Die Hexe hingegen machte drei Schritte Richtung Haselbusch und hielt nach dem Hasen Ausschau. „Wenn ich nur an den Ha... chk ... chk ... Hasen denke, bekomme ich Magenbeschwerden“, schimpfte sie vor sich hin. „Was fällt diesem Löffeltier ein, sich so aufzuspielen? Kinder herlocken und beschenken, sonst noch was! Dann rennen die Fratzen stundenlang durch meinen Wald und stören mich bei der Arbeit. Wie soll ich bei diesem Lärm mein Buch „Wie wird man eine berühmte Hexe“ fertig schreiben? Nein, nein, diese Gören sollen bleiben, wo sie sind.“
Zornig stampfte die Hexe mit dem Fuß auf. „Warum die Menschen diesen mickrigen Ha... chk ... chk ... Hasen lieben, versteh ich überhaupt nicht. Ich beherrsche die schwierigsten Zaubersprüche, koche die beste Krötensuppe, bin die einzige Hexe, die ein Buch schreibt. Sollten sie nicht mich bewundern? Aber diesmal werde ich ihm sein Fest versalzen. Ich habe einen Plan. Ich werde …“
Die Hexe konnte den Satz nicht beenden, denn Abraxus kam im Laufschritt herangekeucht. „Madame Gruselda, pff! Madame Gruselda, es eilt!“ Der Zauberlehrling schnappte nach Luft. „Die Hennen bringen ihre Eier schon heute zum Haselstrauch. Sobald es dunkel ist, ziehen sie los.“
„So, so, heute Nacht soll die große Lieferung sein.“ Die Hexe zog ihre knöchernen Finger lang, bis sie knackten. „Ich fürchte, dass es für die Hennen heute keine Ausgangserlaubnis geben wird.“ Gruselda kicherte und klatschte in die Hände: „Husch, husch! Hol meinen Besen, Abraxus! Ich fliege zum Hühnerstall.“
„Ist es nicht zu hell zum Fliegen?“, fragte der Zauberlehrling, als er mit dem Besen zurückkam.

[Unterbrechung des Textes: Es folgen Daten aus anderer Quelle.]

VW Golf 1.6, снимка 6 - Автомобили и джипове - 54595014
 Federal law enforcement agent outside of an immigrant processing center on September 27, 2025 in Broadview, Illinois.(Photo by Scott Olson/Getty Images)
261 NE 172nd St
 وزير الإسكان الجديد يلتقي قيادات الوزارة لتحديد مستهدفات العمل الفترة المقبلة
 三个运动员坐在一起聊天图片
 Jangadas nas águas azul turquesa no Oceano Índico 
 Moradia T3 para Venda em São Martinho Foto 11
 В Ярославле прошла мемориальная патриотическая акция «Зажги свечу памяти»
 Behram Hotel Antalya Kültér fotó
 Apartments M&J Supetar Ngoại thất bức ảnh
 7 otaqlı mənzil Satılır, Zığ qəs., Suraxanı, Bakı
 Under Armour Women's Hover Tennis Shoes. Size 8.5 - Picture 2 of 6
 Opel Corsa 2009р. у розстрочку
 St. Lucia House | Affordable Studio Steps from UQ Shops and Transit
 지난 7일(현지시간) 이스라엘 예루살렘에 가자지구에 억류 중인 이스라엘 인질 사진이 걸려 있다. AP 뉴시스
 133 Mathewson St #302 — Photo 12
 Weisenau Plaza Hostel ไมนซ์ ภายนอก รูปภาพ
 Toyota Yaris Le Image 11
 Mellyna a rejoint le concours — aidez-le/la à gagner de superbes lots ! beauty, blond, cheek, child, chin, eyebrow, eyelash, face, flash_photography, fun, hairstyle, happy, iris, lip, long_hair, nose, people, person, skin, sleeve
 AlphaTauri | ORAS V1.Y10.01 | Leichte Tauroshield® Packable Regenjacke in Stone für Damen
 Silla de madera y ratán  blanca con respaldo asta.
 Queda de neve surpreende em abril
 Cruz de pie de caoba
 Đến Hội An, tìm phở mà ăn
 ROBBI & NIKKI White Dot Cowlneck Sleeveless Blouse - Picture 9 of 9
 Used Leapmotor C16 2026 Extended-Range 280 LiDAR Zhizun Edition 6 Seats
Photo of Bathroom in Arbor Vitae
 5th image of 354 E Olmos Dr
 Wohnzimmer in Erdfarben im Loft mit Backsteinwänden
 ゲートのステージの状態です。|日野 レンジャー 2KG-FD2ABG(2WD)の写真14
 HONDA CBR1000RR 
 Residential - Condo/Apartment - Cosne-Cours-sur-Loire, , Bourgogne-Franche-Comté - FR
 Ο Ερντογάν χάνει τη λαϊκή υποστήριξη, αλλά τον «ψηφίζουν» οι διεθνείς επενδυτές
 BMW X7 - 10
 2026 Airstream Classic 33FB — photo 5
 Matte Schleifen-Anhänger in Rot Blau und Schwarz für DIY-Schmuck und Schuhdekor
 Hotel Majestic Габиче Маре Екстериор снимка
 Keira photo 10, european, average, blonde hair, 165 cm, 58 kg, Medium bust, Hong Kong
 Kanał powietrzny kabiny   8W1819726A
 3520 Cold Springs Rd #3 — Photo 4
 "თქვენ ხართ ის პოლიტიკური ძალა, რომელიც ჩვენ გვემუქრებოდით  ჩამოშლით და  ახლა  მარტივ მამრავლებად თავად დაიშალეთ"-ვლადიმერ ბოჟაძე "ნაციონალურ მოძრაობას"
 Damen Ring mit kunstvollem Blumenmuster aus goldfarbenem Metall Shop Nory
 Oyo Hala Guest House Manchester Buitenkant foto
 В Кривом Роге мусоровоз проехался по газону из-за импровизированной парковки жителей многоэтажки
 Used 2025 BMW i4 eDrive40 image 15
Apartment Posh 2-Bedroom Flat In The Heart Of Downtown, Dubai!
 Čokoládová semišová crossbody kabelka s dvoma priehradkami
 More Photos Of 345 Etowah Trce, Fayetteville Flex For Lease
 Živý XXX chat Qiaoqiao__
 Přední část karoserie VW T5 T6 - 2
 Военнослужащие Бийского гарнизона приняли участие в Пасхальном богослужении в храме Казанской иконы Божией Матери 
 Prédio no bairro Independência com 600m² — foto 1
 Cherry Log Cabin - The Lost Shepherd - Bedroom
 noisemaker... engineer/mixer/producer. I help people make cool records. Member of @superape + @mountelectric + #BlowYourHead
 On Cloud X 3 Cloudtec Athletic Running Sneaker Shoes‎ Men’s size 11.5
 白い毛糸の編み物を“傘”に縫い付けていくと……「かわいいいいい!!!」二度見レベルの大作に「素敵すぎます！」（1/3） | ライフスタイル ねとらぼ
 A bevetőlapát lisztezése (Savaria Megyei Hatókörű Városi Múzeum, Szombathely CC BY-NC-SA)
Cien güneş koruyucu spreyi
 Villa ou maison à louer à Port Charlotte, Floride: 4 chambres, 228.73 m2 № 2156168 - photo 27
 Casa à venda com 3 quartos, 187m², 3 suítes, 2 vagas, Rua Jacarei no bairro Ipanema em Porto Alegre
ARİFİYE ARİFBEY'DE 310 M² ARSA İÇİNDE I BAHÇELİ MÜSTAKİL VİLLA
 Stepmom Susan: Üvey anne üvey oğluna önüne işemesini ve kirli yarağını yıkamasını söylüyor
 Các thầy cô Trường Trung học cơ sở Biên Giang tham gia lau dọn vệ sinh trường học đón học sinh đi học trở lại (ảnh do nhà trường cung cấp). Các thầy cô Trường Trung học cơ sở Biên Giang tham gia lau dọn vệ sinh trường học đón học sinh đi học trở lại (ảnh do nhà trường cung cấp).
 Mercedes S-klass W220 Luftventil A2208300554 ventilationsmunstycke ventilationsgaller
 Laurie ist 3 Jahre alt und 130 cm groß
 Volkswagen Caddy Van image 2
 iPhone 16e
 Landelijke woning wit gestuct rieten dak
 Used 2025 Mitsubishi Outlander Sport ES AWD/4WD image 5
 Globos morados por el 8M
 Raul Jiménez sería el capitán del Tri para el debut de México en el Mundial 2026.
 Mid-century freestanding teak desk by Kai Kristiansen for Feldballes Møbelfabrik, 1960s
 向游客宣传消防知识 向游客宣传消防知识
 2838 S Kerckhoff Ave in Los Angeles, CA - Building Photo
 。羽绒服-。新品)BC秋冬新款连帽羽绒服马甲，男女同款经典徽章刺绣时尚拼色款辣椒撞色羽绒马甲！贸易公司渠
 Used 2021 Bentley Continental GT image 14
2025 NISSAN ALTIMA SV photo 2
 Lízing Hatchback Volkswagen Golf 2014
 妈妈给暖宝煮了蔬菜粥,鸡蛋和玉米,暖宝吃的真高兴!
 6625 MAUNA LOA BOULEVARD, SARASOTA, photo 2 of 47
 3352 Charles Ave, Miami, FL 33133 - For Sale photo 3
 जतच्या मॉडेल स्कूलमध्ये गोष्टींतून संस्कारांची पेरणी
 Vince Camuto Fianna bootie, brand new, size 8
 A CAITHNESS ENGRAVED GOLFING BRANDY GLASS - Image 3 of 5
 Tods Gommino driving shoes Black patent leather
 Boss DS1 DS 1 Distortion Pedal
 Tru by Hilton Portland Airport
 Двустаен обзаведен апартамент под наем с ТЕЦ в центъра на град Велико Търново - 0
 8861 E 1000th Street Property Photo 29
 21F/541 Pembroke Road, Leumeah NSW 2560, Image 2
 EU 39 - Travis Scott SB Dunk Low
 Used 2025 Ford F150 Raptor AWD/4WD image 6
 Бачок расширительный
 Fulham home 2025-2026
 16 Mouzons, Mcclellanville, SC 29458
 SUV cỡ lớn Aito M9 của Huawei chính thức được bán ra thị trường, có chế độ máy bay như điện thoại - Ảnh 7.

„Abraxerle, du bist ja ein schlaues Kerlchen“, lobte die Hexe. „Du hast völlig recht. Doch wozu gibt es Wolken?“ Sie streckte den Zeigefinger zum Himmel und murmelte einen Zauberspruch. Sogleich schwebte eine dicke graue Wolke herbei und ließ sich auf dem Dach des Hexenhauses nieder.
„Vergiss nicht die Krötensuppe auf dem Herd umzurühren“, rief die Hexe ihrem Lehrling zu. „Und lern endlich den Zauberspruch 27. Wenn ich zurückkomme, will ich ihn fehlerfrei hören.“ Sie stieg auf ihren Besen und schwebte zum Rauchfang hoch. Ein Satz und schon waren Wolke und Hexe Richtung Bauernhof unterwegs.
„Mir scheint, ich bin gerade rechtzeitig gekommen“, flüsterte Gruselda. Vor neugierigen Blicken in der Wolke geschützt, beobachtete sie, wie die Bäuerin die Hühner in den Stall sperrte. Sobald es dunkel war, schlich sie auf Zehenspitzen zum Hühnerstall, schlug die Türe zu und schob den hölzernen Riegel vor.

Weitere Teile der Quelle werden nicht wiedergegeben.